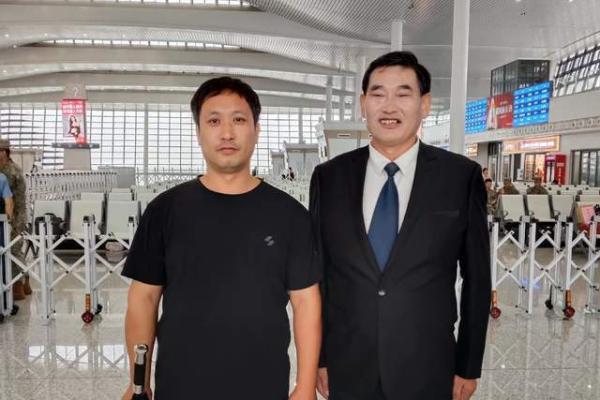 大衣哥现身火车站送新兵，穿正装打扮帅气，曝商业出场费10万3首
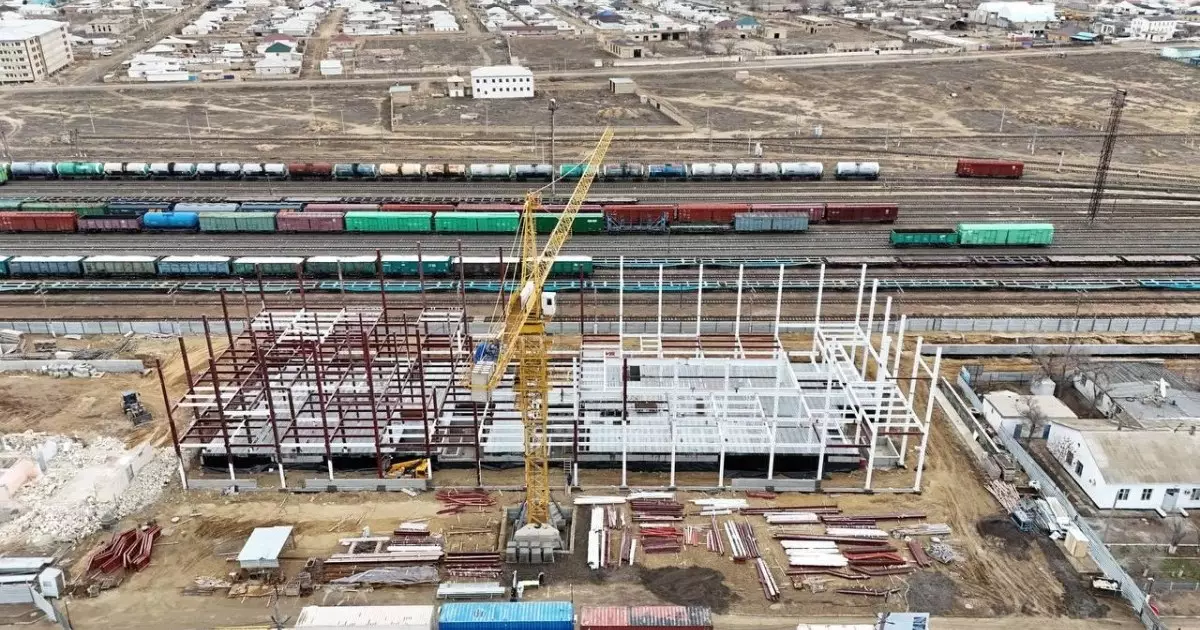  «Үш қабатты ғимарат» – «Маңғыстау» вокзалы реконструкциядан өтіп жатыр 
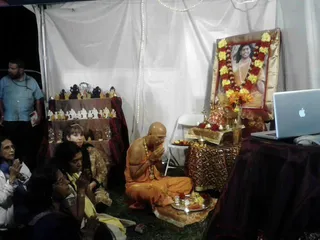 http://nithyananda.org/sites/default/files/photo-gallery/2_nithyananda_la_13oct2012.jpg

=====

_WHAT THE EXERCISE ASKS:_
Leaving the pictures aside, repeat the data above exactly.

_TASK ANSWER:_
 大衣哥现身火车站送新兵，穿正装打扮帅气，曝商业出场费10万3首
  «Үш қабатты ғимарат» – «Маңғыстау» вокзалы реконструкциядан өтіп жатыр 
 http://nithyananda.org/sites/default/files/photo-gallery/2_nithyananda_la_13oct2012.jpg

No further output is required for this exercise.